Enzo Ferrari è ossessionato. Ossessionato dalle corse, dalla sua creatura e dal successo. Però, come dice lui stesso, vende macchine per gareggiare, non come Maserati, suo rivale, che gareggia per vendere. E il fulcro dell’ultima fatica di Michael Mann è proprio in questa rivalità e in questa ossessione quasi morbosa per la competizione. Il tutto interfacciato con i tormenti di uomo perseguitato dai fantasmi del suo passato. Dal figlio Dino morto troppo giovane, fino agli amici a bordo delle sue Ferrari. Ma non basta decisamente per raccontare un uomo così sfaccettato. Soprattutto se lo si fa attraverso un film così scialbo e privo di totale mordente narrativo. E fa specie perché non parliamo di un regista qualsiasi, ma di Michael Mann, uno dei maestri americani e un uomo ossessionato, proprio come il suo protagonista, dalla perfezione. Ferrari è un film tutt’altro che perfetto, anzi. Sembra di vedere un film girato e scritto senza nessuna voglia solo in attesa di un ritorno verso progetti più personali e autoriali. E Mann ha inseguito questa pellicola per vent’anni, anche se così non sembra.

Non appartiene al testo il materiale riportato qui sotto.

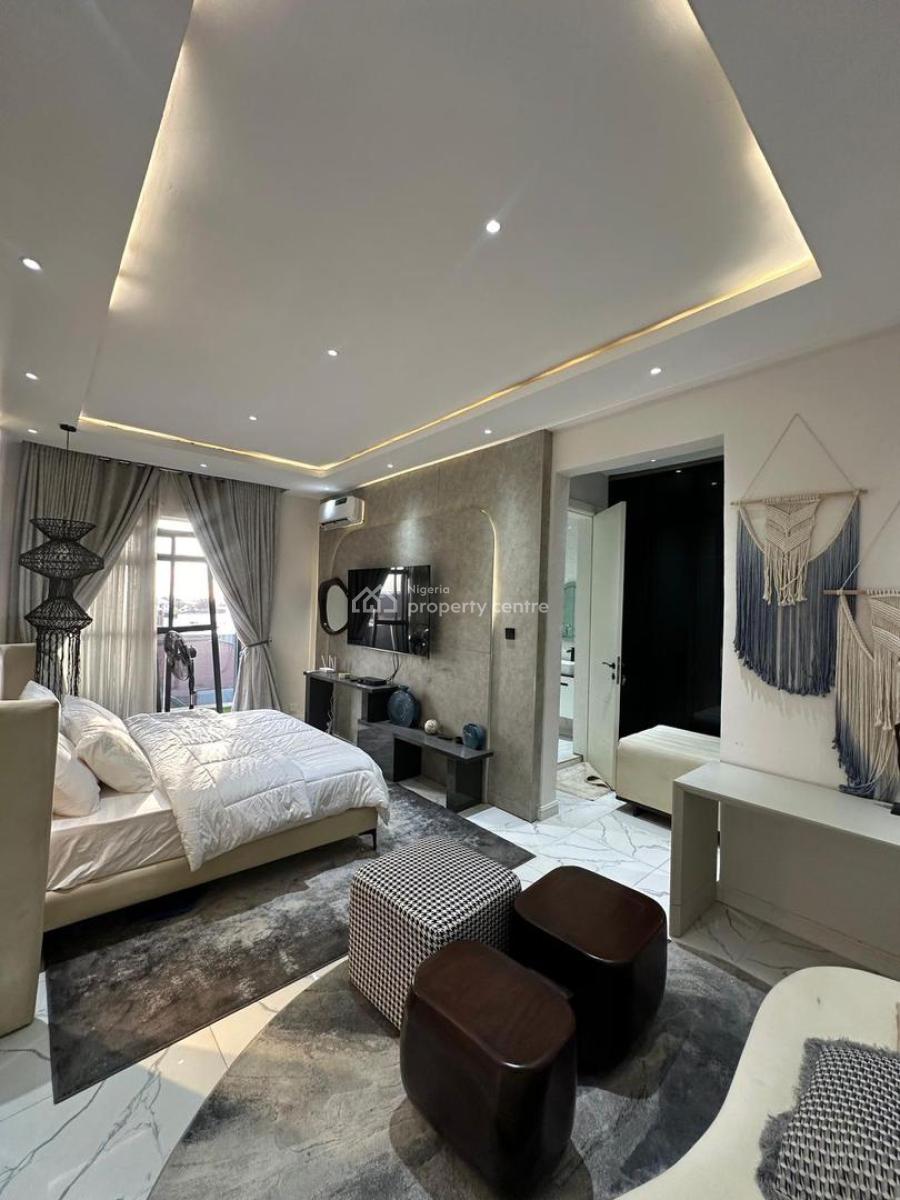 Fully Furnished 3 Bedroom Maisonette with Elevator, Ikate, Lekki, Lagos, House for Rent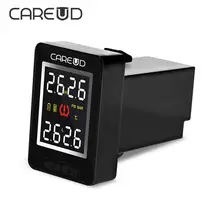 ForHonda CAREUD U912 автомобильный беспроводной TPMS система контроля давления в шинах встроенный датчик ЖК-дисплей Встроенный монитор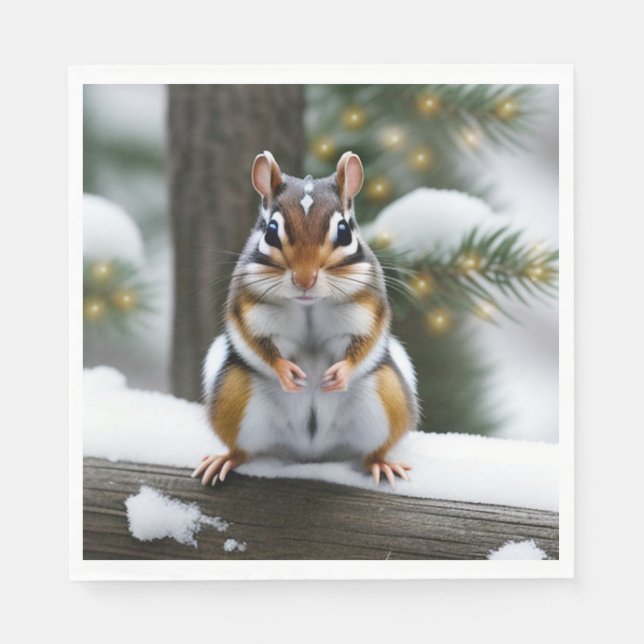 Serviette En Papier Sweetie Pie Chipmunk (Devant)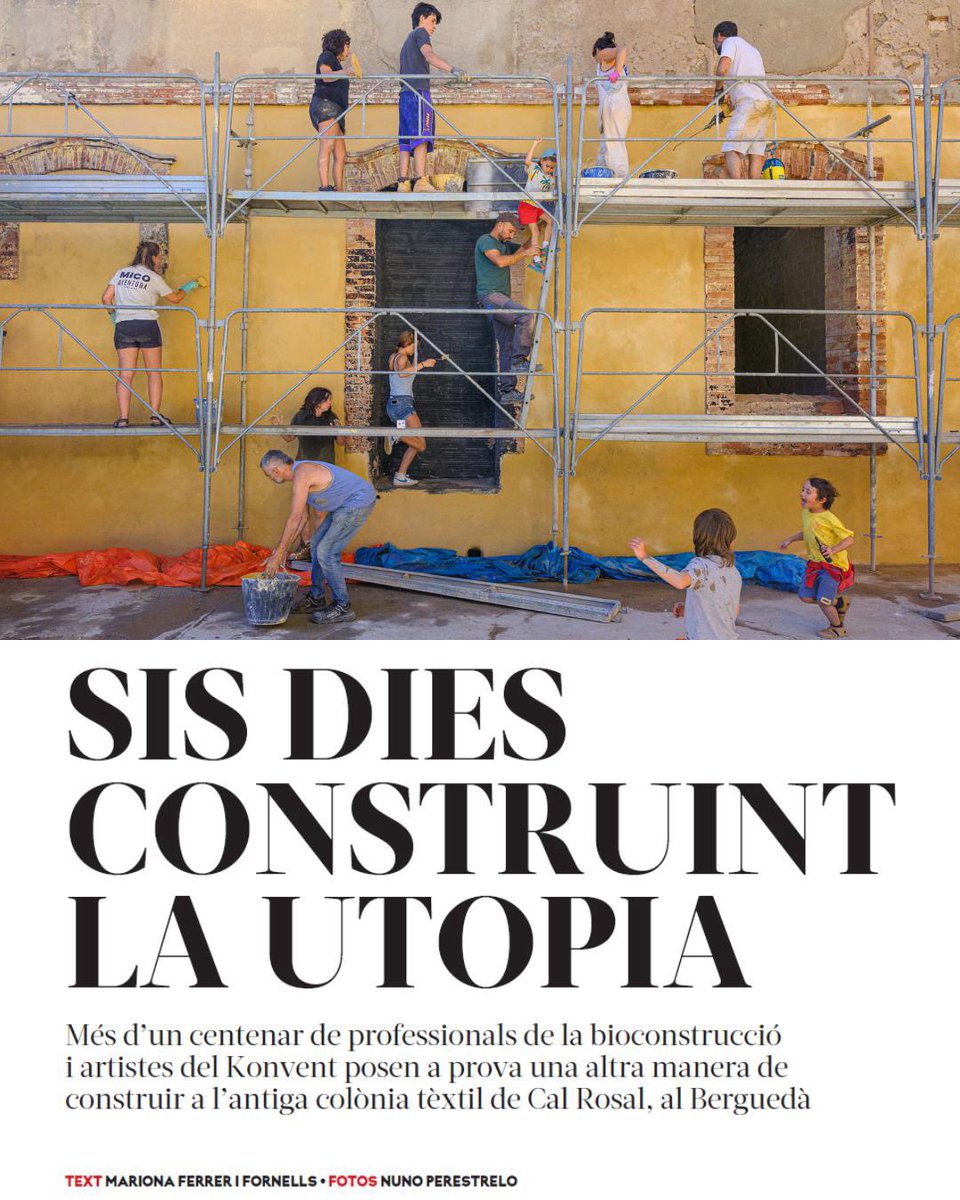puntzero's tweet photo. Sis dies construint la utopia.
Per @Mariona_Ferrer

Vam viure a Konvent una experiència difícil d’explicar. En vaig sortir conscient que havia sigut testimoni d’un moment únic i amb una certesa: hi ha altres maneres de construir, de treballar i de fer cultura.

F @nunoperestrelo https://t.co/MwLxd2qspt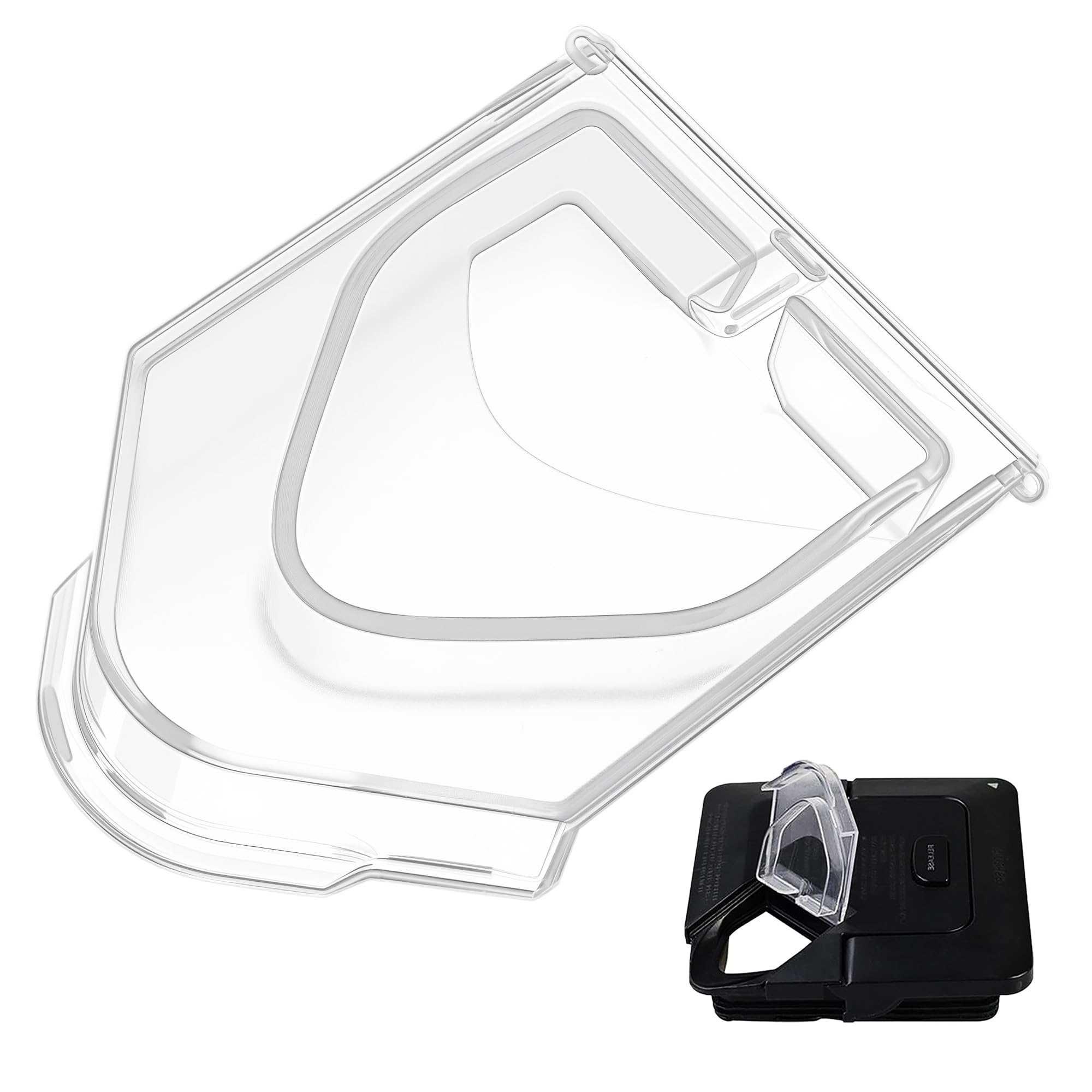 Photo 1 of Pour Spout Cover Replacement Compatible with Ninja Blender Lid 72oz, Spout Cover Lid Flap for Ninja Blender Square Top Pitcher, Fit for BL660 BL740 BL770 BL771 BL772, Ninja Blender Replacement Parts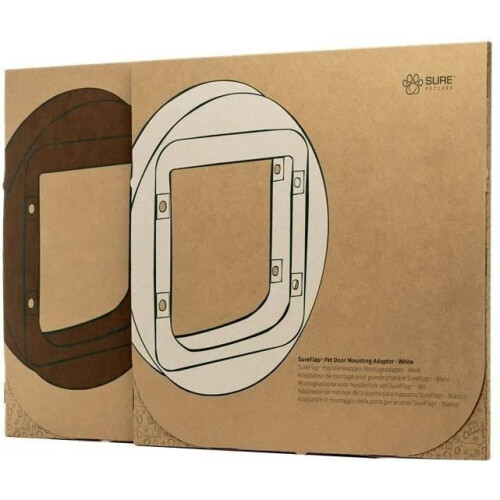 SUREFLAP Montageadapter großes Modell (weiß) 2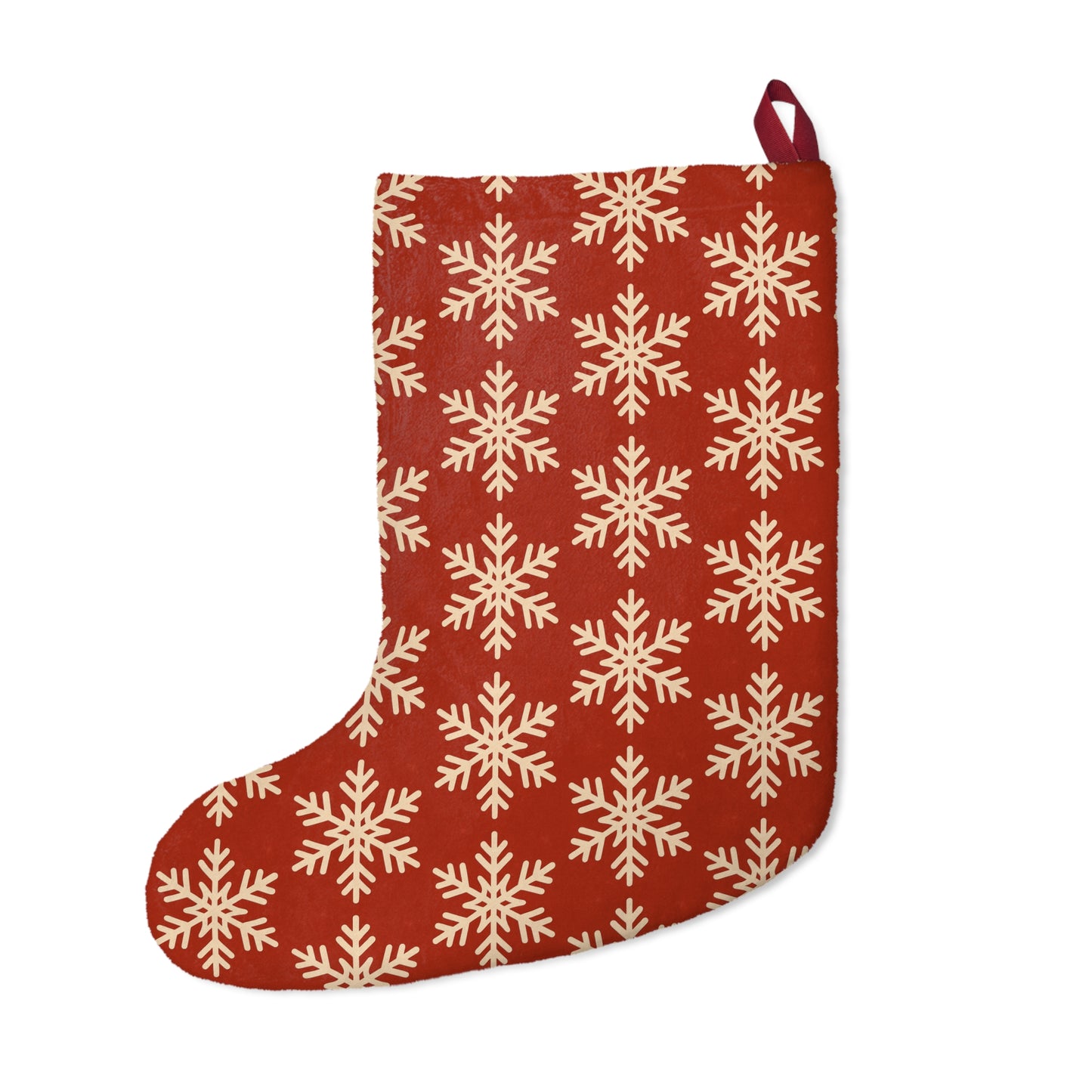 Red Snowflake Christmas Stocking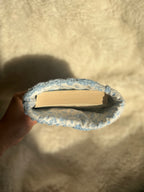 Housse livre de poche bleue / blanc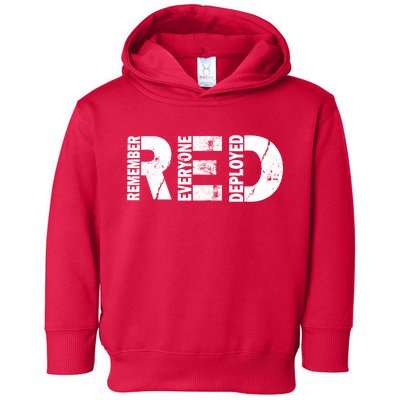 Red Friday Remember Everyone Deployed Toddler Hoodie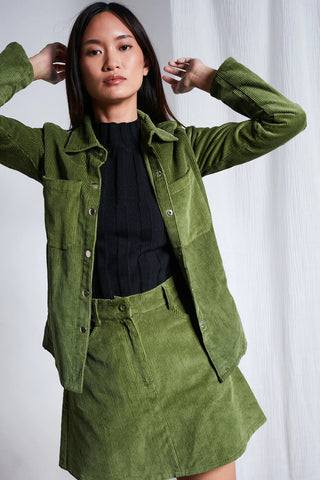 Gemma Jacket in Olive Cord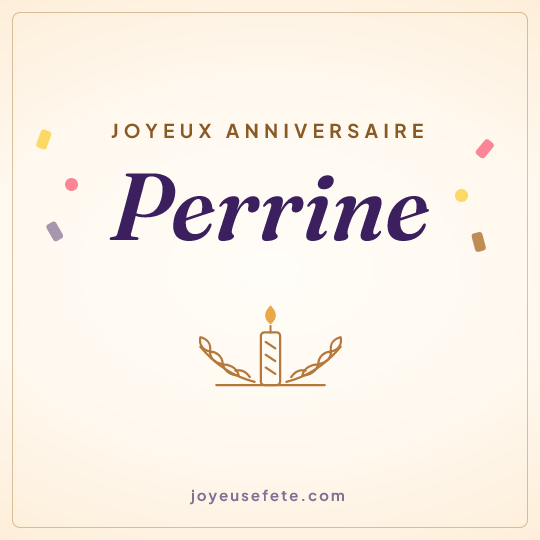 Image carrée « Joyeux anniversaire Perrine » pour WhatsApp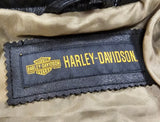 Harley Davidson Women's Vintage Race-Inspired Leather Jacket XXL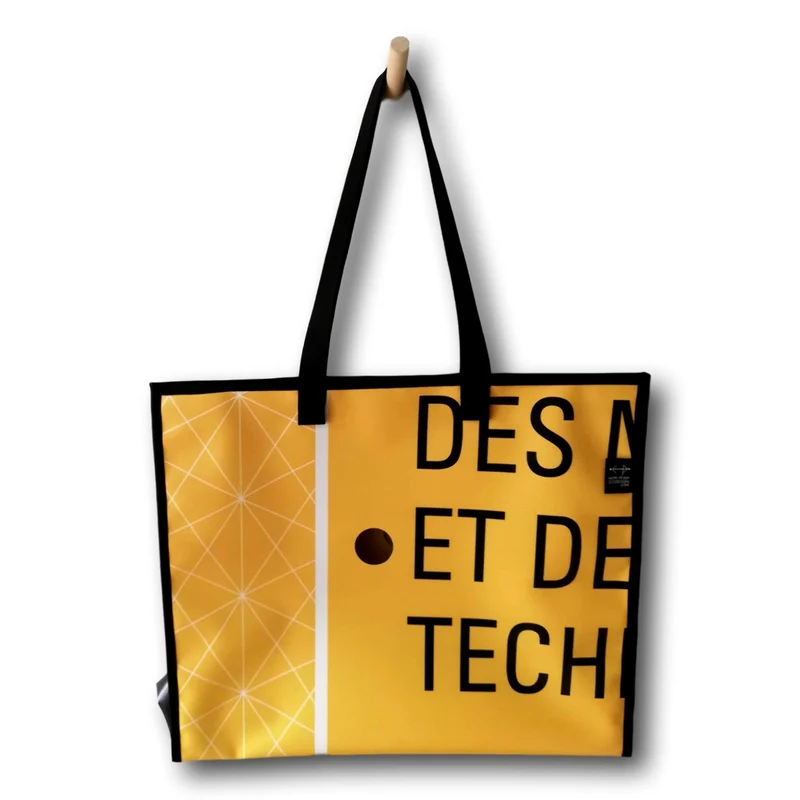 Sac à Fourre-tout - Sac écoresponsable - jaune, blanc, texte noir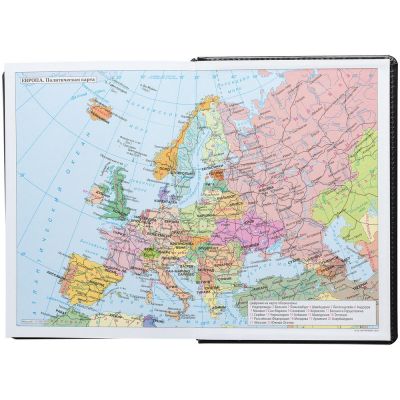 Ежедневник New Nebraska, датированный, черный-8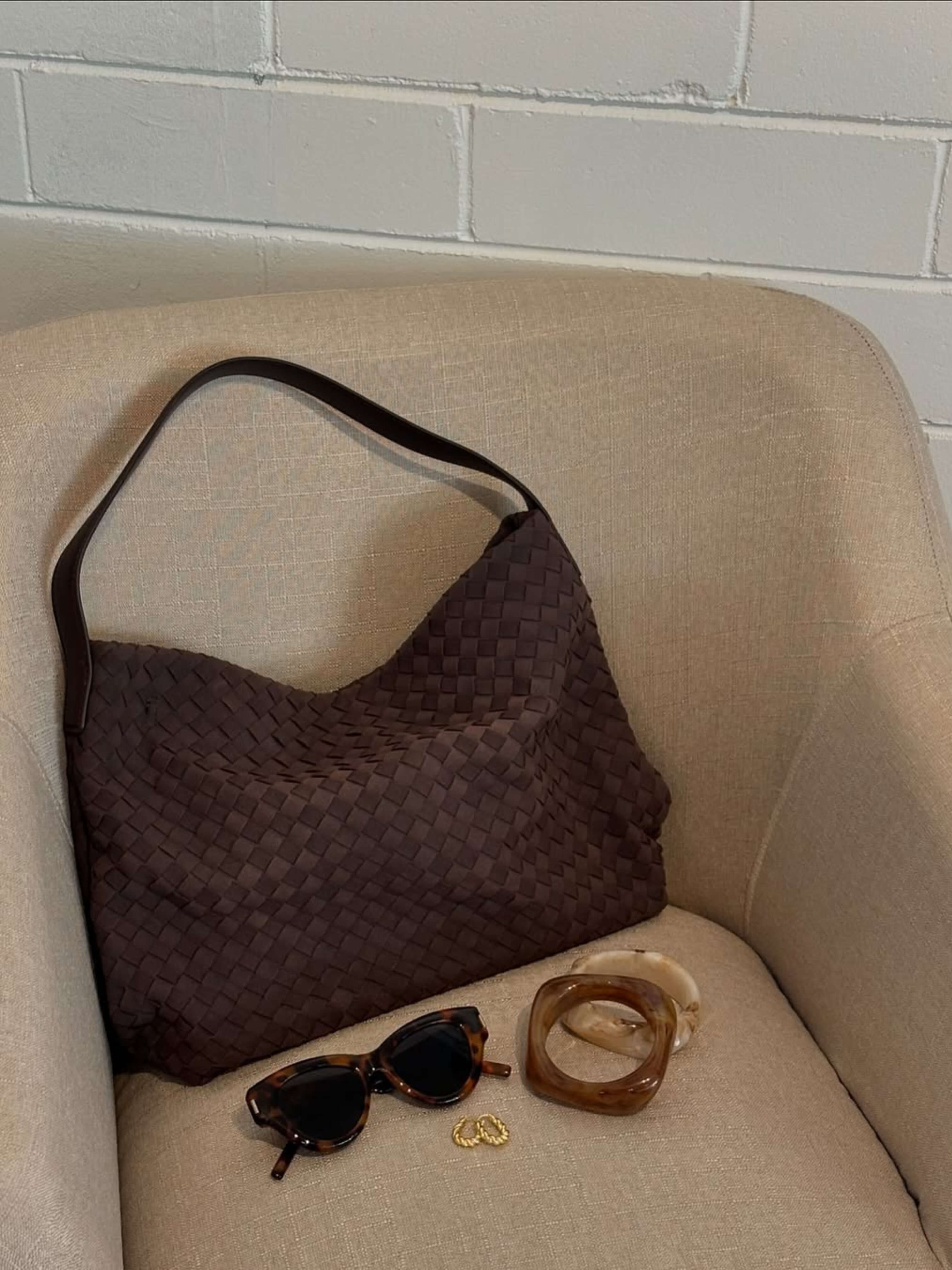 Capri Suede Tote Bag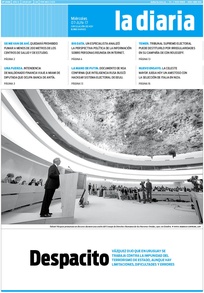 Tapa de la diaria del miércoles 7 de junio de 2017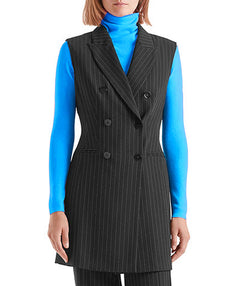 Pinstripe Vest - Premium Vests from Marc Cain - Just $224! Shop now at Mary Walter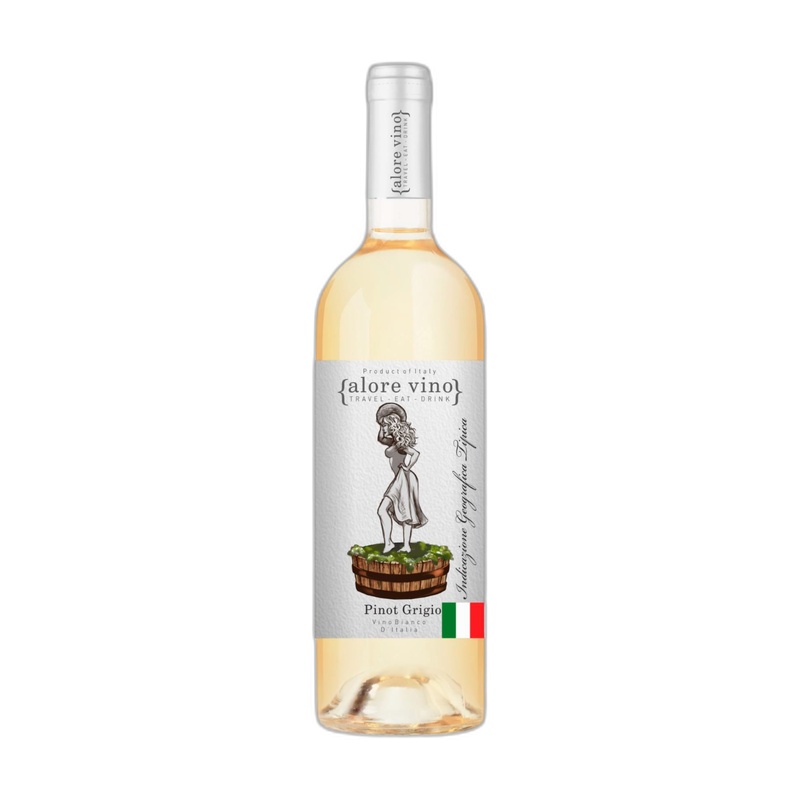 ВИНО ALORE VINO PINOT GRIGIO БЕЛОЕ СУХОЕ 10,5% 0,75Л ИТАЛИЯ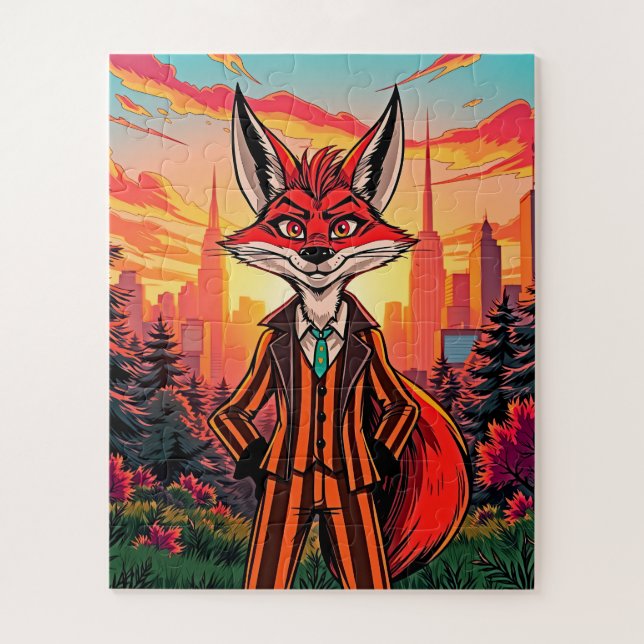 Quebra-cabeça Raposa-rapa (Vertical)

Ferrari: uomo e industriale
il film di Mann ha due anime parallele. C’è il comparto narrativo dell’Enzo Ferrari uomo, che si divide tra due donne. La moglie Laura, da cui ha avuto un figlio morto l’anno prima, e l’amante Lina, conosciuta durante la guerra, da cui ha un bambino tenuto nascosto per anni. A stento riesce a conciliare le due vite che finiranno, per forza di cose, con il collassare su sé stesse. L’altra anima che ci viene mostrata è quella dell’industriale. L’azienda Ferrari è a rischio bancarotta e l’unico modo per salvarla è attraverso l’investimento di qualcuno esterno alla famiglia. Enzo decide quindi di puntare tutto ciò che ha nella Mille Miglia, la famosa corsa che va da Brescia a Roma per 1600 chilometri. Attraverso un’alternanza tra i due mondi davvero scolastica, il film salta da un mondo all’altro senza una vera continuità. Un momento ci mostra il rapporto burrascoso che Enzo Ferrari ha con le donne (moglie e madre su tutte) e in quello subito dopo l’ossessione per le corse. La pellicola sembra voler mettere in gioco entrambi i mondi senza mai affrontarli davvero. Racconta poco di entrambe le parti e lo fa in mondo scialbo. I personaggi non hanno tensione o profondità e, quando provano a trovarla, sono costretti in una gabbia fatta di grandi spiegoni, dichiarate intenzioni e cliché. Laura, interpretata da Penelope Cruz, è relegata solo al ruolo della moglie disperata per la morte del figlio e rancorosa nei confronti del marito. Linda (Shailene Woodley) è l’amante che se ne sta buona per anni nel casolare sperduto in campagna, accennando solo ogni tanto la volontà di far avere il cognome Ferrari al figlio. E lo stesso Enzo è un personaggio troppo piatto e monolitico che, per quanto fantastico possa essere Adam Driver come attore, poco può con questo materiale di partenza.
Un self made man
L’idea di provare a raccontare un uomo così grande come Enzo Ferrari nell’arco di un solo anno avrebbe avuto più senso se si fosse scelto tra uno solo dei due mondi da mostrare e raccontare. Invece nella prima parte di film domina l’uomo, nella seconda l’imprenditore. E il racconto diventa americanizzato, un self made man a stelle e strisce che poco cozza con l’ambiente italiano del ’56. House of Gucci probabilmente non ha insegnato nulla, invece, per quanto riguarda la lingua. Vedere attori come Adam Driver, Penelope Cruz o Patrick Dempsey parlare inglese con un forzato accento italiano e le comparse che li circondano rispondere in perfetto italiano rompe qualsiasi flebile tensione drammaturgica potesse esserci. Tutto ciò fa specie se si pensa che sia Mann dietro alla macchina da presa di questa pellicola. Parliamo del regista di Heat, Manhunter e Strade Violente. Enzo e La Ferrari vengono messi in campo come una religione per i modenesi, come nella scena dentro la chiesa. Ma di certo non basta per accendere una flebile fede nello spettatore.